Registering custom artifacts¶
In case other non supported artifacts need to be logged, the user can register custom artifact types. This is done using the method register_artifact_type
which takes three arguments: the name of the artifact type, the method for saving the artifact, and the method for loading the artifact:
...
def save(obj,path):
import pickle
with open(path, 'wb') as f:
pickle.dump(obj, f)
def load(path):
import pickle
with open(path, 'rb') as f:
return pickle.load(f)
logger.register_artifact_type('my_pickle', save, load)
...
logger.log_artifacts({'model': model,
'epoch':epoch},
artifact_name='last_ckpt',
artifact_format='my_pickle')
The method register_artifact_type
must be called before the method log_artifacts
is used with the new type.
File structure of the logs¶
When the logger is activated, it stores the results of a run in a sub-directory of the parent directory ./logs
. This parent directory is created automatically if it does not exists already. By default it is set to ./logs
, but this behavior can be modified (see Customizing the parent log directory).

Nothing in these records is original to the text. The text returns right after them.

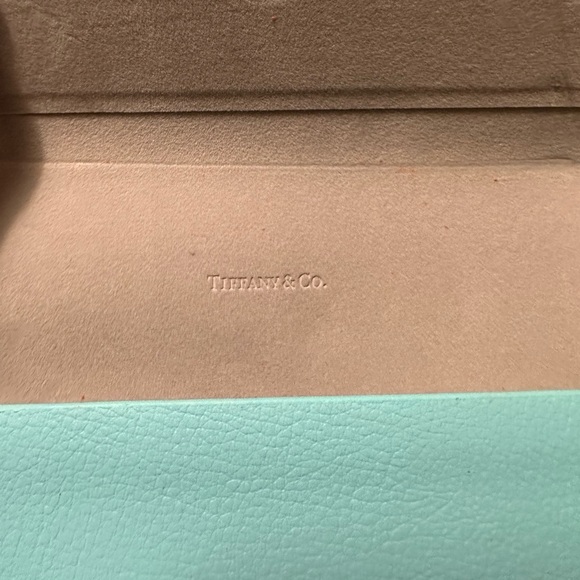 NEW TIFFANY SUNGLASSES! Gorgeous! - Picture 8 of 10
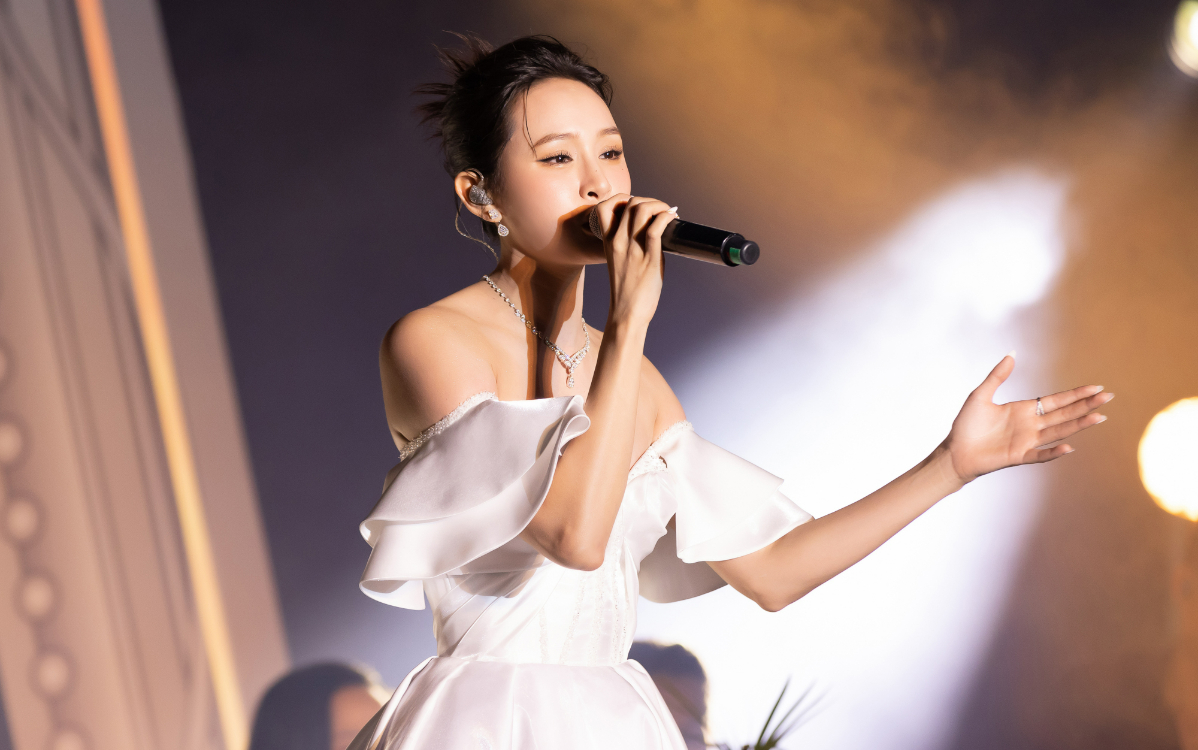 Hiền Hồ đắt show, nhận cát-xê khủng sau drama tình ái anh em nương tựa - Hình 3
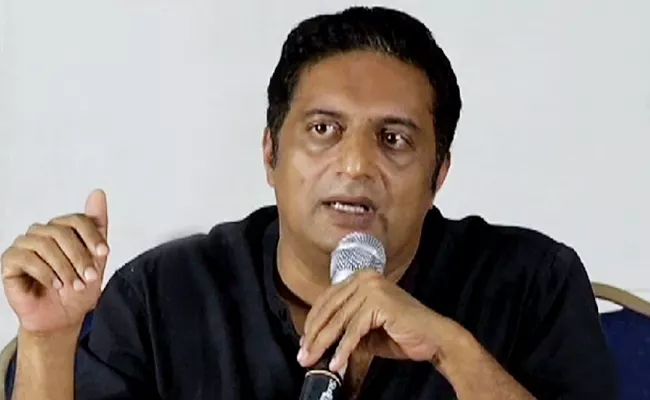 Prakash Raj Says BJP Hindutva Does Not Work In India - Sakshi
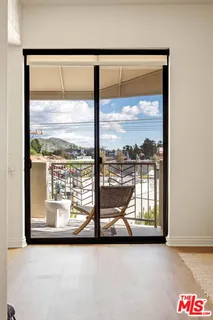 $739,000 | 230 South Jackson Street, Unit 301, Glendale, CA 91205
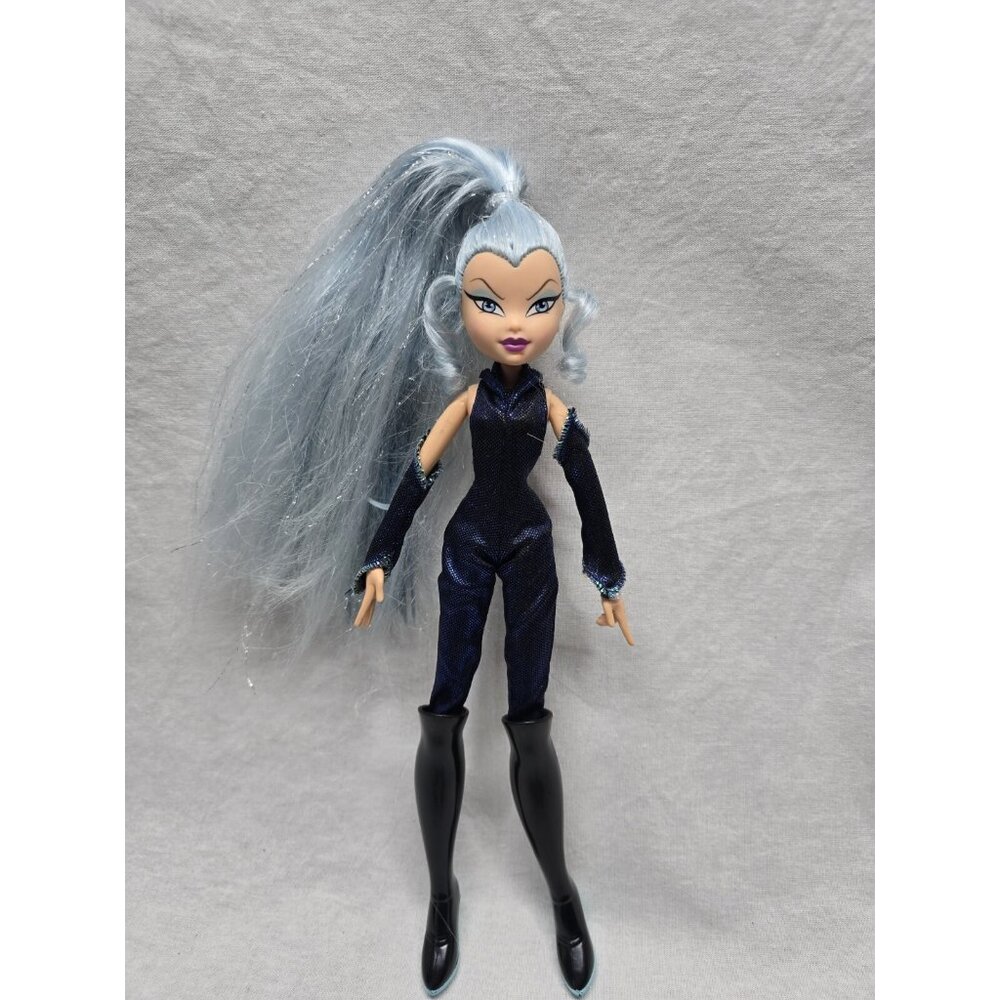 Winx Club Icy Doll Fairy Witch First Wave Clothes 2004 Mattel READ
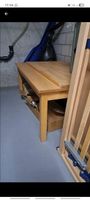 Holztisch massiv naturfarben gebrauchter Zustand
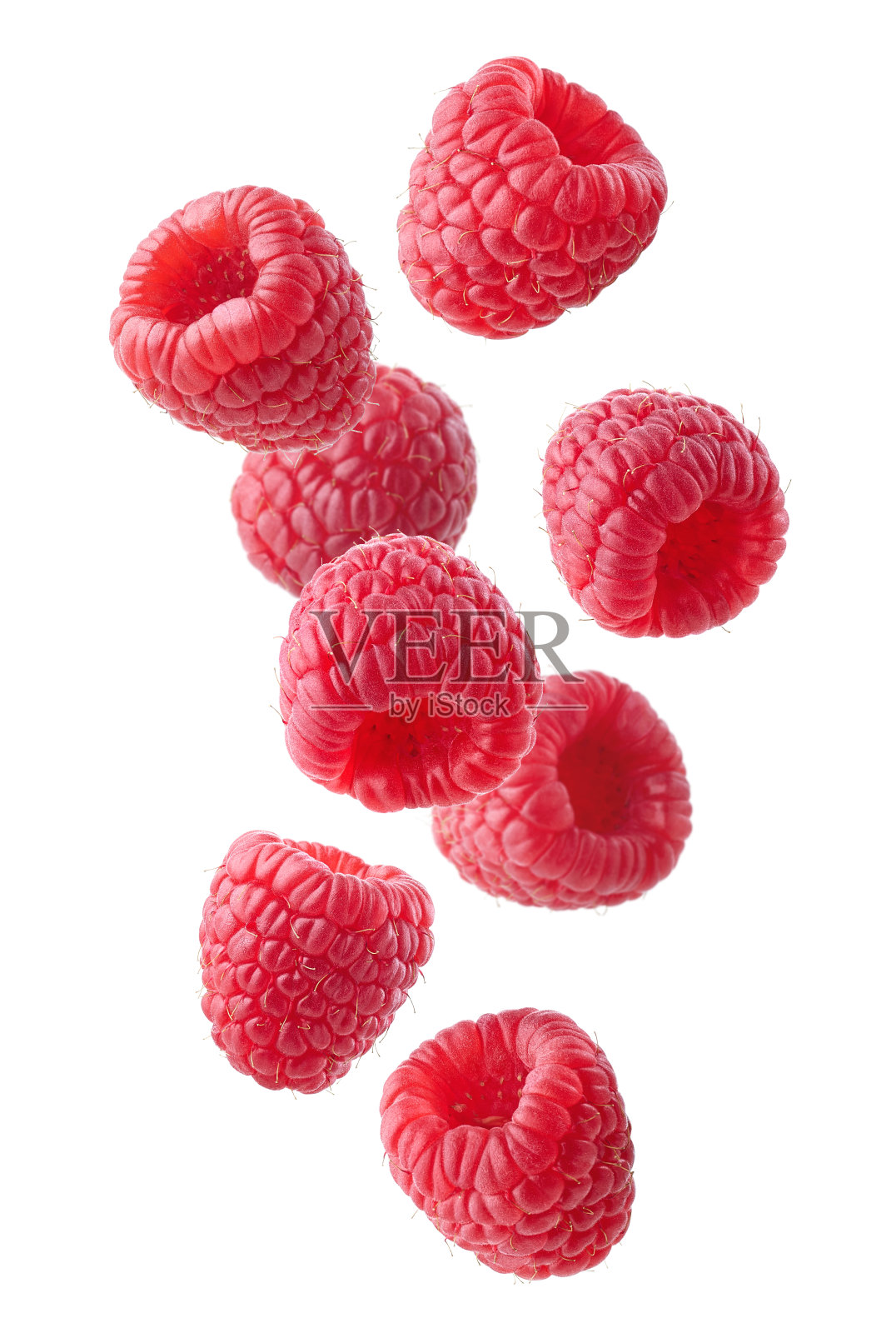 各种掉落的新鲜成熟的覆盆子在白色的背景照片摄影图片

First, the logger assigns a log_id
to the run. Every time main.py
is executed with an active logger, the log_id
of the new run is incremented by 1 starting from 1. Then a new sub-directory of ./logs
is created and named after the assigned log_id
.
Since we executed the code three times in total, we should expect three sub-directories under ./logs
called 1
, 2
and 3
, all having the same structure:
logs/
├── 1/...
├── 2/...
└── 3/...
Each log directory contains three sub-directories: metadata
, metrics
and artifacts
:
logs/
├── 1/
│ ├── metadata/
│ │ ├── config.yaml
│ │ ├── info.yaml
│ │ └── mlxp.yaml
│ ├── metrics/
│ │ ├── train.json
│ │ └──.keys/
│ │ └── metrics.yaml
│ └── artifacts/
│ └── pickle/
│ └── last_ckpt.pkl
│
├── 2/...
└── 3/...
Let’s go through these three directories.
The metrics
directory¶
This directory contains JSON files created when calling the logger’s method
log_metrics(dict, log_name)
.
Each file is named after the variable log_name
and stores the dictionaries provided as input to the log_metrics
method.
{"loss": 0.030253788456320763, "epoch": 0}
{"loss": 0.02899891696870327, "epoch": 1}
{"loss": 0.026649776846170425, "epoch": 2}
{"loss": 0.023483652621507645, "epoch": 3}
{"loss": 0.019827445968985558, "epoch": 4}
{"loss": 0.01599641889333725, "epoch": 5}
{"loss": 0.012259905226528645, "epoch": 6}
{"loss": 0.008839688263833523, "epoch": 7}
{"loss": 0.005932427477091551, "epoch": 8}
{"loss": 0.003738593542948365, "epoch": 9}
The hidden directory .keys
is used by the reader module of MLXP and is not something to worry about here. Instead, we inspect the remaining directories below.
The metadata
directory¶
The metadata
directory contains two yaml files: config
and info`
, each storing the content of the corresponding fields of the context object ctx
.
config
stores the user config of the run, info
stores general information about the run such as the assigned log_id
and the absolute path to the logs of the run log_dir
.
seed: 0
num_epoch: 10
model:
num_units: 100
data:
d_int: 10
device: 'cpu'
optimizer:
lr: 10.
executable: absolute_path_to/bin/python
cmd: ''
end_date: 20/04/2023
end_time: '16:01:13'
current_file_path: absolute_path_to/main.py
log_dir: absolute_path_to/logs/1
log_id: 1
process_id: 7100
start_date: 20/04/2023
start_time: '16:01:13'
status: COMPLETE
user: marbel
work_dir: absolute_path_to/tutorial
The artifacts
directory¶
The directory artifacts
is where all data passed to the logger’s methods log_artifacts
and log_checkpoint
are stored.
These are stored in different directories depending on the artifact type. In this example, since we used the reserved method log_checkpoint
, the logged data are considered as pickle objects, hence the sub-directory pickle
.
You can see that it contains the pickle file last_ckpt.pkl
which is the name we provided when calling the method log_checkpoint
in the main.py
file.
Checkpointing¶
Checkpointing can be particularly useful if you need to restart a job from its latest state without having to re-run it from scratch. To do this, you only need to slightly modify the function train
to load the latest checkpoint by default:
import torch
from core import DataLoader, OneHiddenLayer
import mlxp
@mlxp.launch(config_path='./configs')
def train(ctx: mlxp.Context)->None:
cfg = ctx.config
logger = ctx.logger
# Try loading from the checkpoint
try:
checkpoint = logger.load_checkpoint()
start_epoch = checkpoint['epoch']+1
model = checkpoint['model']
except:
start_epoch = 0
model = Network(n_layers = cfg.model.num_layers)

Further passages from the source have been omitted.